I generate .csv files using a python script by writing a pandas DataFrame to_csv
, using utf8 encoding.
consEx.to_csv(os.path.join(base_dir, "Database/Tables/Consumption Expenditure/consumptionExpenditure.csv"), encoding = 'utf8', index = False)
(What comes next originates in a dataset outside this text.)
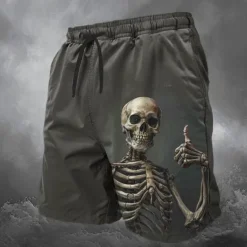 Best OUKU Men's Skull Halloween Costumes Swim Trunks Swim Shorts Board Shorts Mid Waist Fashion Streetwear Designer Casual Daily Holiday Pocket Elastic Waist 3D Print Designer Clothing Apparel Black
Next, I upload to Amazon RDS MySQL via Load Data Local Infile
, into a table that has Charset
also set to utf8.
CREATE TABLE IF NOT EXISTS Consumer.Expenditure (
ceID INT NOT NULL AUTO_INCREMENT ,
ceCategory INT NOT NULL,
year INT NULL,
countryID INT NOT NULL,
ceYoY DEC(15,2) NULL,
dateCreated DATE NOT NULL ,
lastModified DATETIME NULL DEFAULT NULL ,
dateDeleted DATETIME NULL DEFAULT NULL ,
PRIMARY KEY (ceID) ,
CONSTRAINT ce_fk_countries
FOREIGN KEY (countryID)
REFERENCES ConsumerAlpha.Countries (countryID)
ON DELETE NO ACTION
ON UPDATE NO ACTION)
CHARSET utf8
ENGINE = InnoDB;
SHOW WARNINGS;
Now, upload ONLY works if I first open and manually save the csv file - same name, same location. Otherwise, it fails without error - just doesn't import anything. However, if I open, save, and close, upload works perfectly.
LOAD DATA LOCAL
INFILE '/Users/xxx/Dropbox/Data/Database/Tables/Consumption Expenditure/consumptionExpenditure.csv'
INTO TABLE Consumer.Expenditure
fields terminated by ','
optionally enclosed by '"'
lines terminated by '\r'
IGNORE 1 LINES
(ceCategory, year, countryID, ceYoY, dateCreated)
SET dateCreated = NOW();
Is there anything I'm missing to avoid this step? For large tables, there may be many .csv files. I've looked around quite a bit, but haven't come across this particular issue anywhere. Thanks!